On the question of how you define relationships between buyer and seller and the platform. Who bears the responsibility towards the consumer?

  • The key question is: Who is your neighbour now? This has changed, given the changing business models. It’s not just about manufacturer to distributor to retailer to the consumer. The range of middlemen has disappeared. You now have platforms which perform all these functions and has much more power than the parties on either end. Very few companies can withstand being blackballed by a major e-commerce company, it has to do with the fact that platforms give you a network advantage. A driver or rider who gets blacklisted by both Ola and Uber, that’s the end of the story. (Alok Prasanna Kumar, Vidhi Centre for Legal Policy)
  • On the other hand, if a driver wants to complain, the company can say that their only obligation was to keep you [the driver] on the platform. Who the consumer is, who the provider of a service is has changed dramatically. It raises the question: does that not call for us to rethink our consumer laws? (Alok Prasanna Kumar, Vidhi Centre for Legal Policy)
  • As a consumer you buy something from a platform, because you trust the platform. Even though the platform is not legally accountable because they have safe harbour. None of these platforms would have scaled to this level, if they were responsible for everything sold on it. For example, WhatsApp will never be able to take liability for every message sent on WhatsApp. (Nikhil Pahwa, MediaNama)
  • The safe harbour rules came from the US, when e-Commerce companies approached the US Congress and asserted that they were a nascent industry. The US Congress introduced the Digital Millennium Copyright Act (DMCA) which provided a certain level of safe harbour. While a platform like YouTube cannot monitor all of the content uploaded on it instantly, the German Network Enforcement Act gives us a different paradigm to think about this. The Act does not create any new offences; it says that as a certain kind of intermediary, specifically social media companies have the obligation to take down certain content, when it is pointed out that it is unlawful, and act within 24 hours. This arose from the fact that Germany has free speech restrictions when it comes to Holocaust denial, Nazi memorabilia, hate speech etc. (Alok Prasanna Kumar, Vidhi Centre for Legal Policy)

The takeaway is that maybe there are certain intermediaries which don’t need safe harbour rules, or need protection from intermediary liability. The nature of the economy, business and market has changed so much that certain entities should not be allowed to make a claim that there is too much content and hence there is nothing we can do. (Alok Prasanna Kumar, Vidhi Centre for Legal Policy)

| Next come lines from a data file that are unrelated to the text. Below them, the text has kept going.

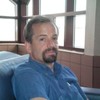 Douglas Jenik, Cissp, Cap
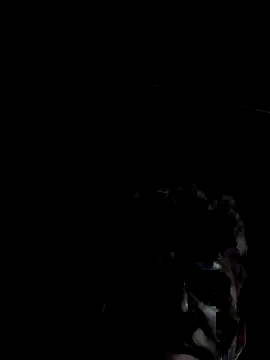 JLAGOSH online show from 22, 4, 2026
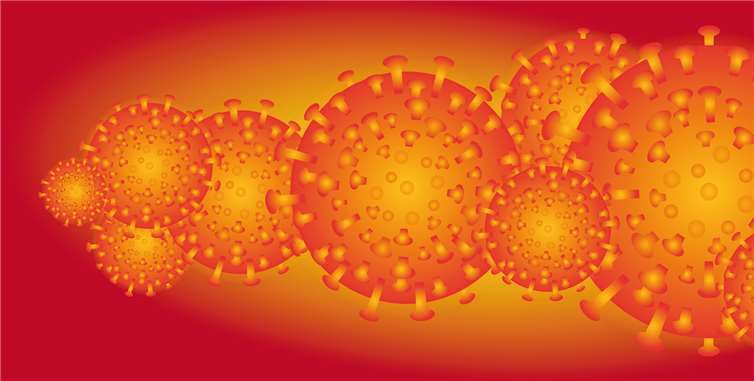 Quelle: iXimus /Pixabay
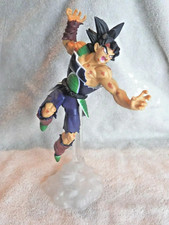 OFFERTA Dragon Ball Z Big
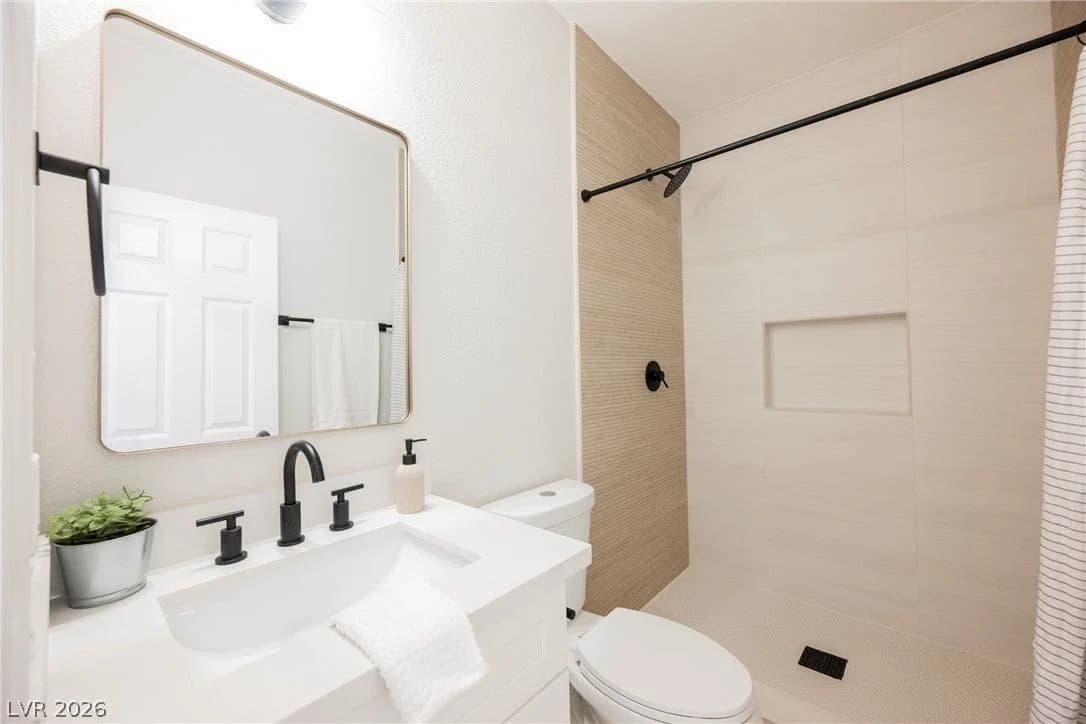 11173 Hickory Glen Street photo 3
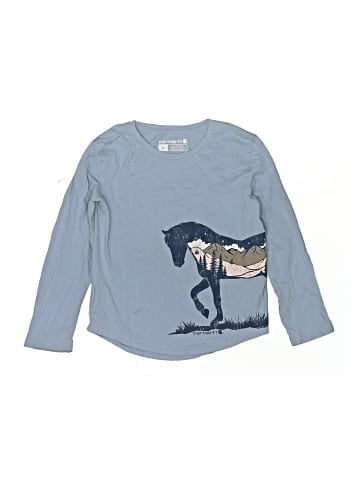 Carhartt Long Sleeve T-Shirt (view 1)
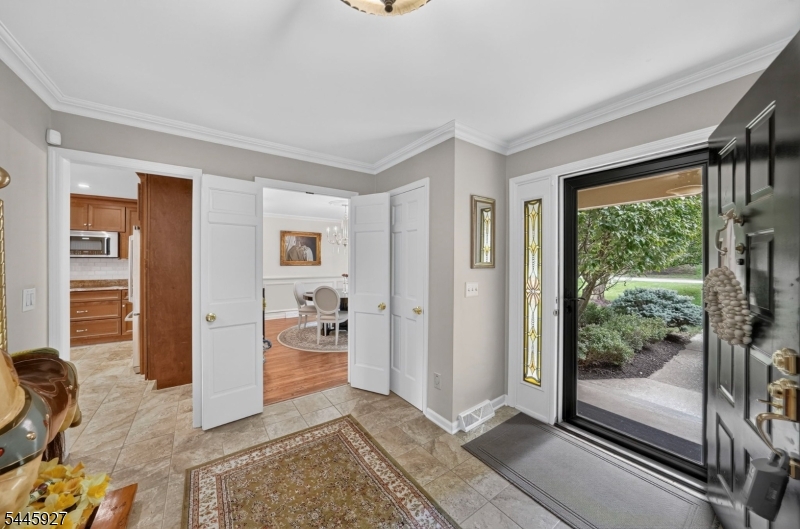 Hunters Glen - Residential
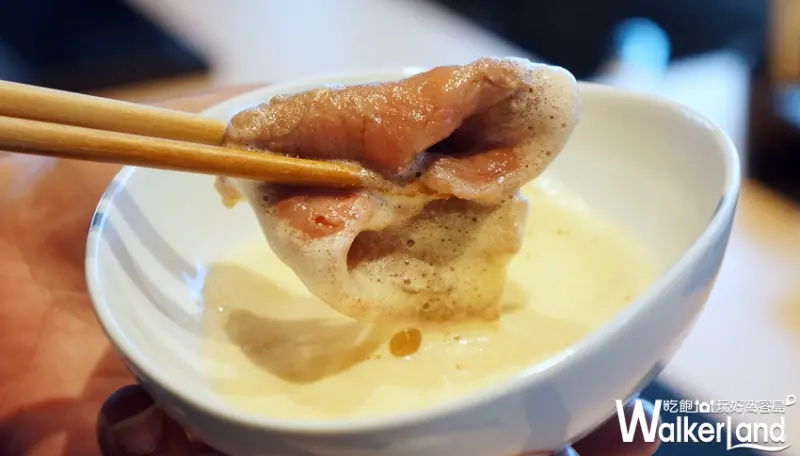 丸本陣 / WalkerLand窩客島整理提供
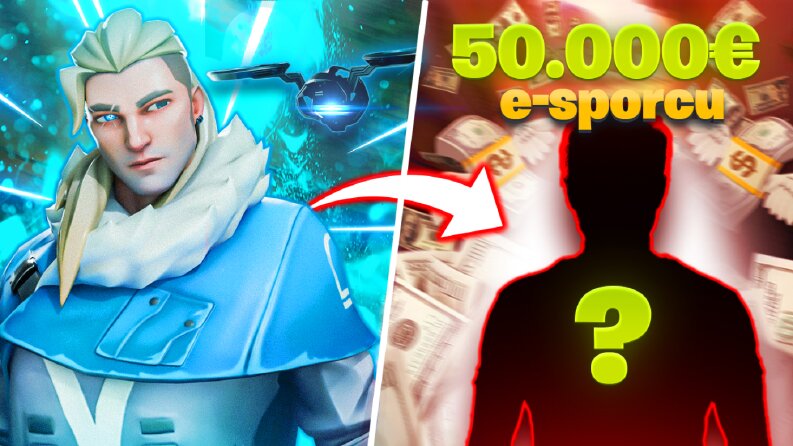 Youtube videosu için thumbnail tasarımı yaptım.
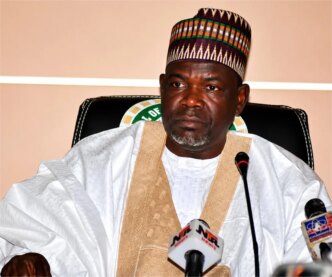 borno deputy speaker stakeholders demand rescue of 42 abducted schoolchildren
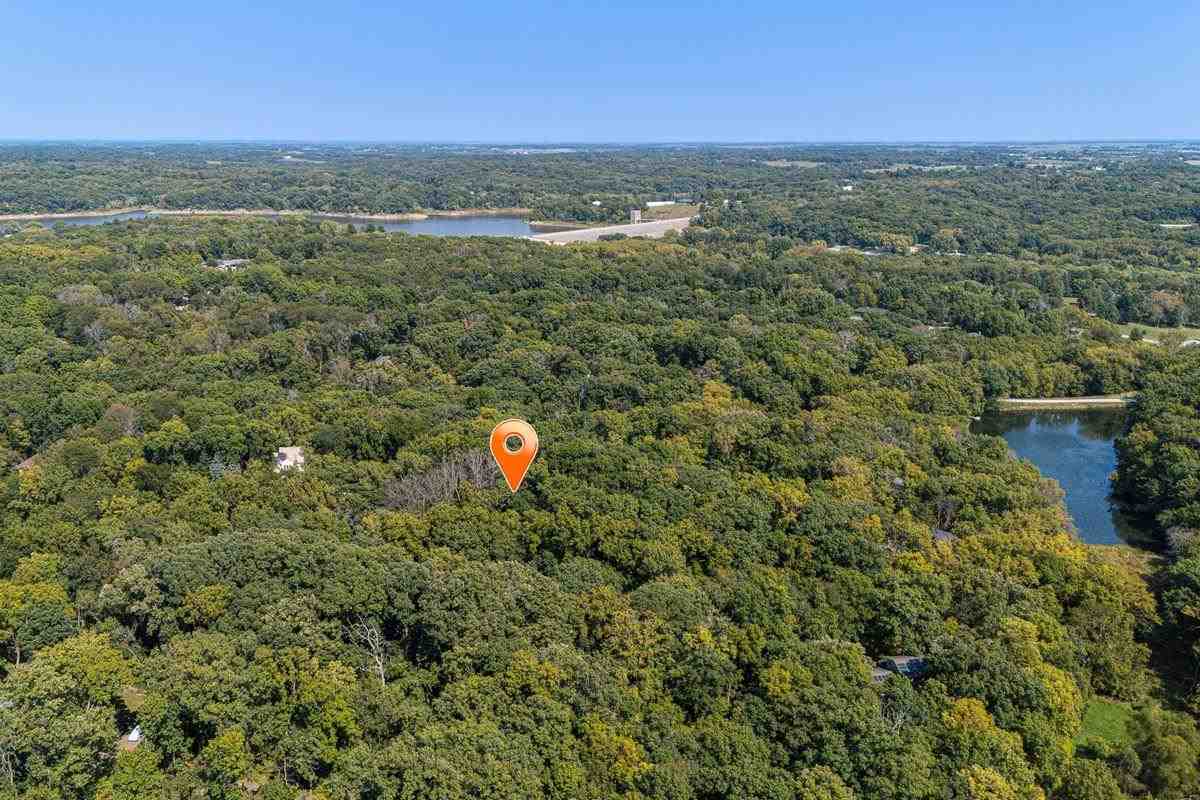 7 The Woods Iowa City IA 52240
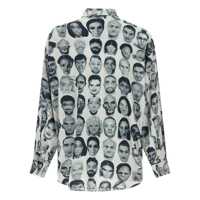 Camasi Magliano Shirts Barbati
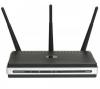 Access point d-link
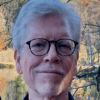 Timothy Clark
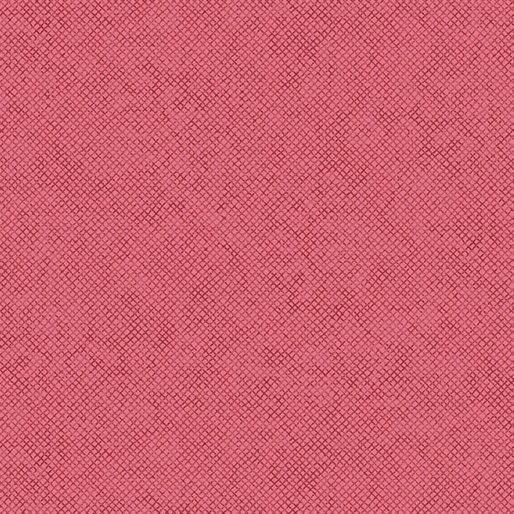 Whisper Weave Salmon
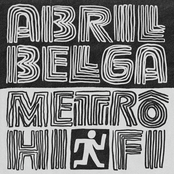 Metrô Hi-Fi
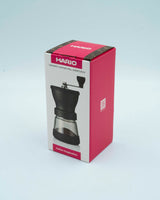 Hario kaffekværn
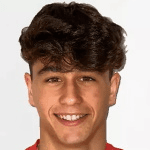 Jugador 313548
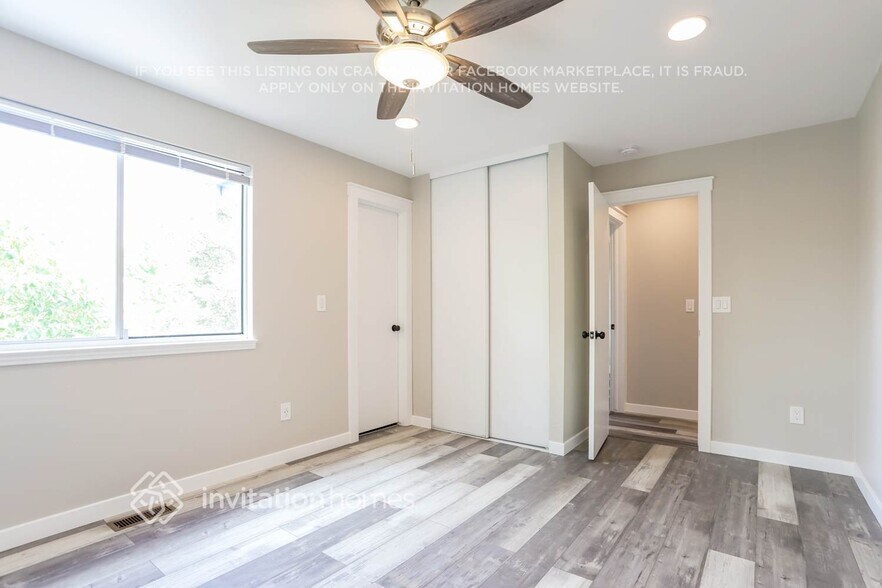 Building Photo - 17755 E Cornell Dr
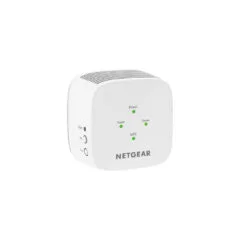 Netgear EX6110 WLAN Repeater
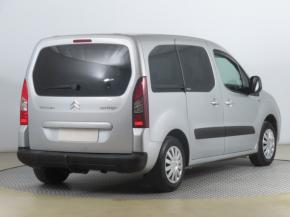 Citroen Berlingo  1.6 HDi 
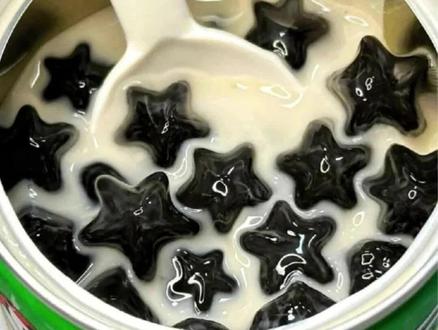 万万没想到零食还能这么做#零食#我的厨房日记#美食教程#甜品治愈一切#下午茶甜品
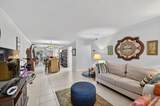 9810 Pineapple Tree, Drive - Photo 9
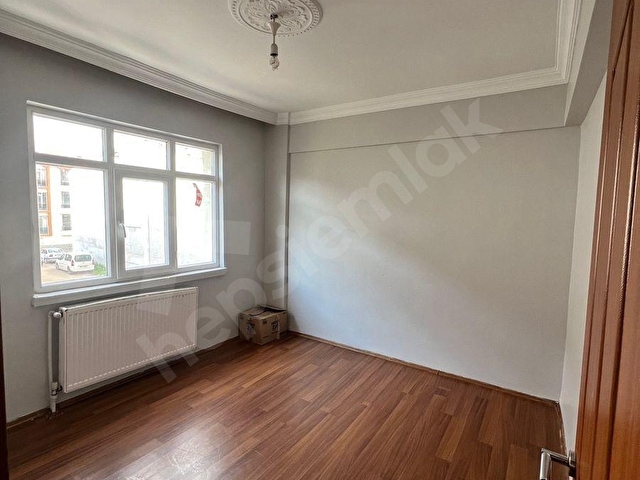 Karakaya Emlaktan Zafer Mahallesi 3+1 Uygun Fiyat Satılık Daire - Görsel 19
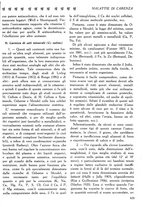 giornale/CFI0358170/1923/unico/00000659
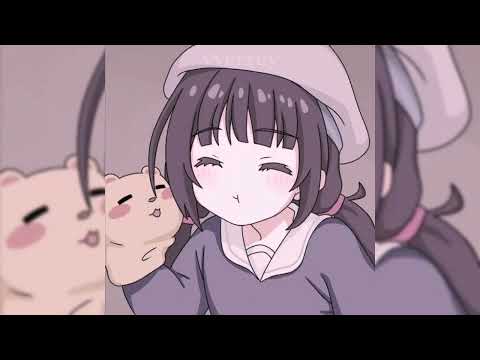 Видео: ленинград, глюк'оZa, st - жу-жу speed up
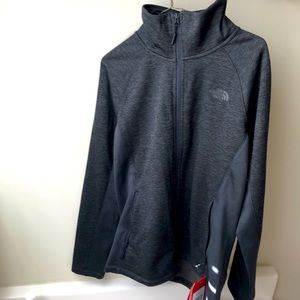 NEVER WORN NORTH FACE JACKET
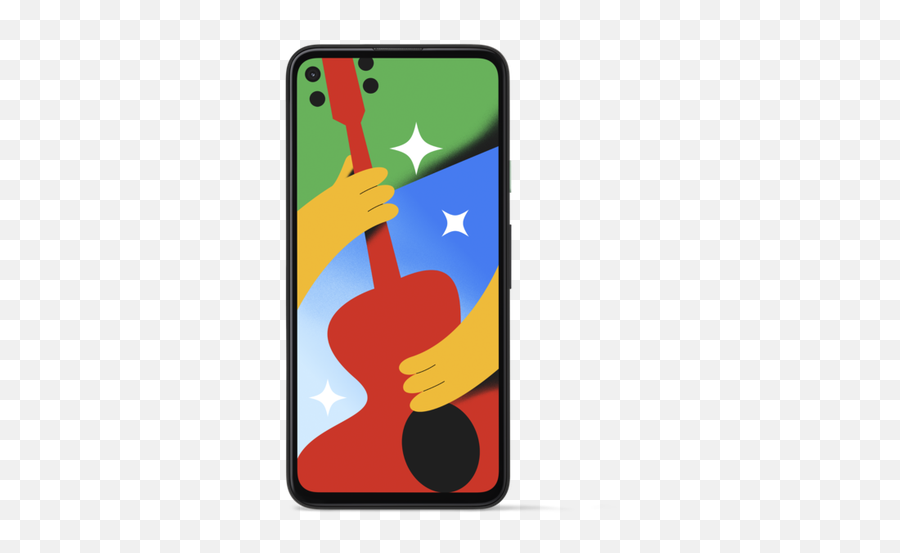 New Pixelsu2014and New Pricesu2014are Here - Google Pixel 5 Price In Pakistan Emoji,Pixel Two How To Get Custom Emojis
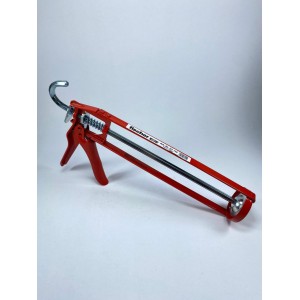 APLICADOR METALICO STD KPM 1 FISCHER
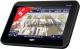 Nawigacja GPS Trak GPS-530T Navigo 9i Europa 40 krajów 4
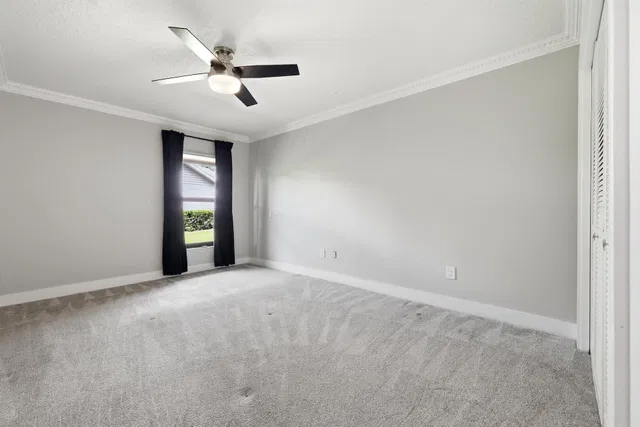 Residence photo 29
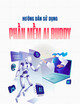 Tài liệu Hướng dẫn sử dụng phần mềm AI Buddy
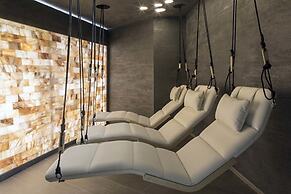 Borgo San Barbato Resort Spa & Golf
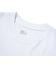 ニューエラ（NEW ERA）半袖 コットン Tシャツ Pile Logo フラッグロゴ 14410087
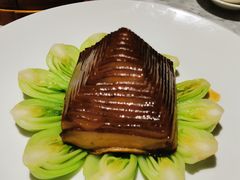 -杭州君悦酒店·湖滨28中餐厅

  • We can apply this paradigm to e-Commerce. This is not a nascent industry anymore with millions of users and billions in revenue, not to say that every small e-Commerce company should have the same liability. But there is no reason we cannot have a minimum threshold where, if you have a certain number of users, you bear certain amount of responsibility. I’d rather link to number of users than to turnover, and assign responsibility in terms of consumer protection. (Alok Prasanna Kumar, Vidhi Centre for Legal Policy)

The Consumer Protection Bill

  • On the definition of a consumer? The Ministry of electronics and information technology (MeitY) defines it is – any business activity carried out through electronic means, which is too broad; there is no way to make head and tail to it. (Shodhan Babu, Panag & Babu Law)
  • If India’s consumer protection bill is adequate: Under the current consumer law framework, consumers can go to court/forums at district, state and national levels if there is a dispute and seek damages. The law is structured such that the onus is entirely on the consumer to show that he/she has suffered, because of a deficient product. The imbalance of power is very striking; the consumer simply cannot access the information these companies have to make out their cases.  (Shodhan Babu, Panag & Babu Law)
  • The 2015 and the 2018 Bill provide for a central consumer protection authority (CCPA). From the point of view of consumers, the CCPA has been given wide range of investigative powers – it has been given powers akin to the competition commission, and the drug controller, they can recall products. They can appear before any existing fora, and intervene in any matter that may affect consumer rights. (Shodhan Babu, Panag & Babu Law)

Filing complaints

On the question of fraud and how consumers are at the mercy of platforms for redressal.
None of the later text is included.